Jika saya berkunjung ke Cimahi, isteri saya biasanya diajak jalan-jalan adiknya ke pasar atau mal. “Beli apa saja di mal?” tanya saya kepada isteri sepulang dari jalan-jalan. “Nggak beli apa-apa kok hanya lihat-lihat saja.” Duh, di mal berjam-jam hanya lihat-lihat saja. Itulah sebabnya saya amat jarang menemani isteri atau anak-anak ke mal. Maklum kalau saya pergi ke mal hanya sebentar sekali. Melihat, memilih, membayar, lalu pulang. Itu kebiasaan saya. Paling diselingi makan jika memang ingin makan. Beda dengan mereka. Melihat sepatu anak-anak saja mereka langsung berhenti. “Iiiiih…lutu banget sepatunya. Entar tanggal muda beli ach.” Lalu jalan lagi. Melihat tas, parfum, aksesoris juga menyempatkan berhenti sebentar lalu :” Ihhhhhhhhhhhhh…,” lagi.

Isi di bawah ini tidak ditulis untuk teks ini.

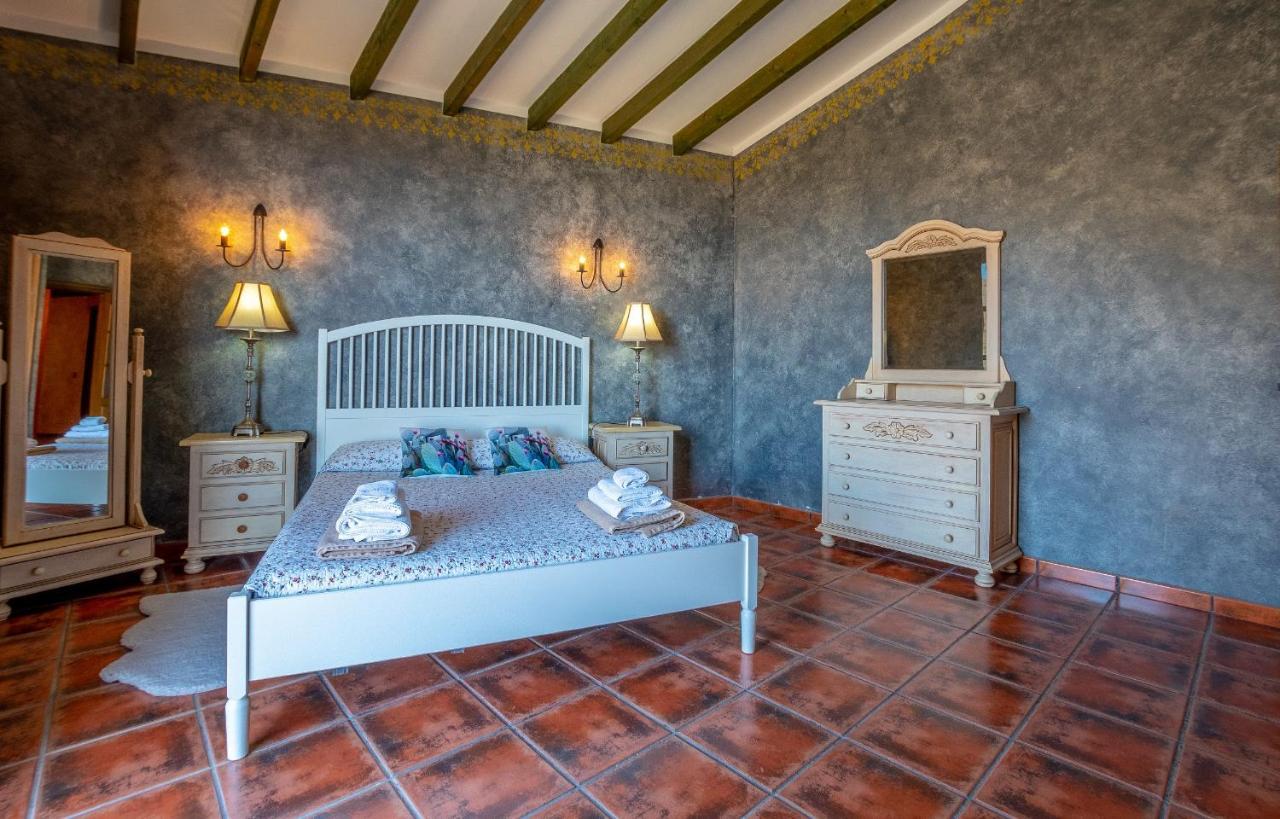 Casa Magma Villa Costa Adeje  Buitenkant foto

Dalam sebuah grup yang saya ikuti beberapa blogger perempuan mendorong semangat saya ketika saya nyaris mogok. “Hayooo Pakde coba lagi. Tinggal selangkah loch.” Saya mencoba lagi dan membatalkan pemogokan. Ternyata memang akhirnya berhasil.

Daya juang juga mereka perlihatkan ketika mereka mengikuti lomba blog atau giveaway. Giveaway Kece: Stand Up Comedy On the Blog yang saya gelar beberapa waktu yang lalu pesertanya juga lebih banyak blogger perempuan.

.

.

Memang sih ada beberapa blogger perempuan yang hiatus atau bahkan berhenti total dari kegiatan ngeblog. Itu terjadi karena kegiatan di dunia nyata mengharuskannya mereka mengurangi akitivitas onlinenya.

.

6. Upgrade Diri

Harus diakui bahwa perempuan itu banyak ‘keinginannya.’ Untuk membuktikannya mudah saja. Jejerkan alas kaki yang dipakai suami dan isternya. Pasti jumlah alas kaki sang isteri lebih banyak daripada sang misoa. Demikian pula pakaiannya. Suami paling mempunyai sepatu warna hitam, coklat, krem, dan putih. Selain warna itu isteri masih mempunyai sepatu warna pink, hijau, biru, jingga, kuning, abu-abu, dan ungu. Maklum sepatu harus padupadan dengan tas atau bajunya hehehehe.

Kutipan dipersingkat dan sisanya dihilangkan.